Curt Schilling (left) was an All-Star Major League Baseball pitcher who helped win four different World Series championships and struck out more than 3,000 batters. Most people don’t know that he was also an avid gamer as a teenager and continues to play to this day. In 2006, Schilling founded 38 Studios (named after his player number) to create a fantasy-themed massively multiplayer online role-playing game. Code-named Copernicus, the game is a “deep throw,” or a big investment not only in a game but in a line of toys and comics as well. We interviewed Schilling about the new venture at the beginning of 2007.
He’ll have a fireside chat at GamesBeat 09 with Adam Sessler, co-host and managing editor of G4TV‘s X-Play show, which has an audience of tens of millions of Comcast cable TV subscribers. Sessler has been a TV personality as a show host for more than a decade. He previously worked for TechTV and ZDTV. He currently is responsible for G4’s Sessler’s Soapbox web content and co-hosts X-Play with Morgan Webb. In 2006, he was named one of the top 50 games journalists by Next Generation Magazine, and today he regularly lends his expertise to CNN, MSNBC, AP, Maxim Radio, and a broad range of video game media across all platforms.

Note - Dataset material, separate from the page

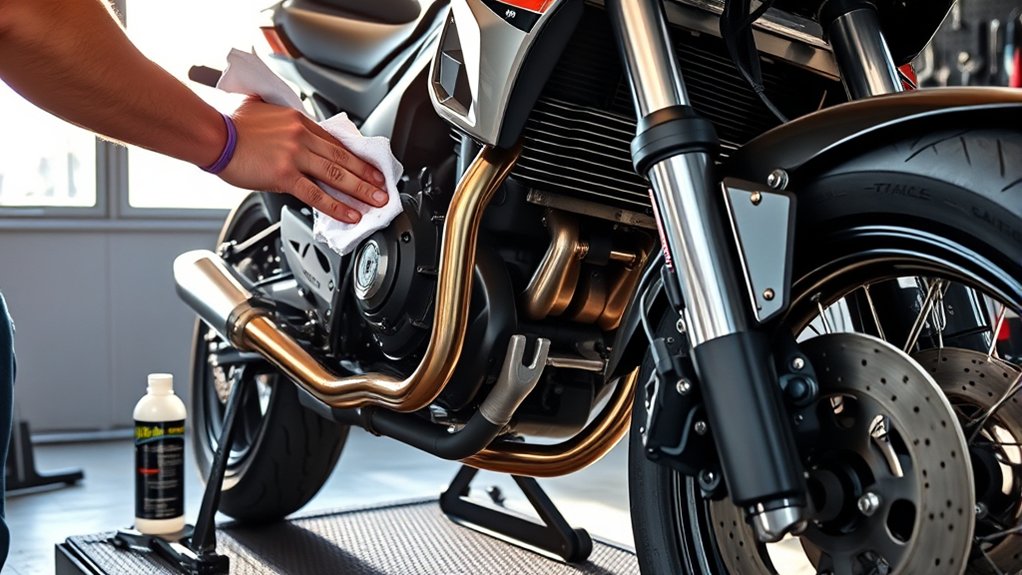 showroom ready motorcycle clean serviced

We’re very excited about these headliners and hope you’ll check out more at the GamesBeat 09 web site. We’ll be posting more of our speakers later this week. The event will be held on March 24 at the Mission Bay Conference Center in San Francisco. It precedes the March 25 start of the main Game Developers Conference. (Our event is located at 1675 Owens St., not far from the Moscone Convention Center where the GDC is taking place).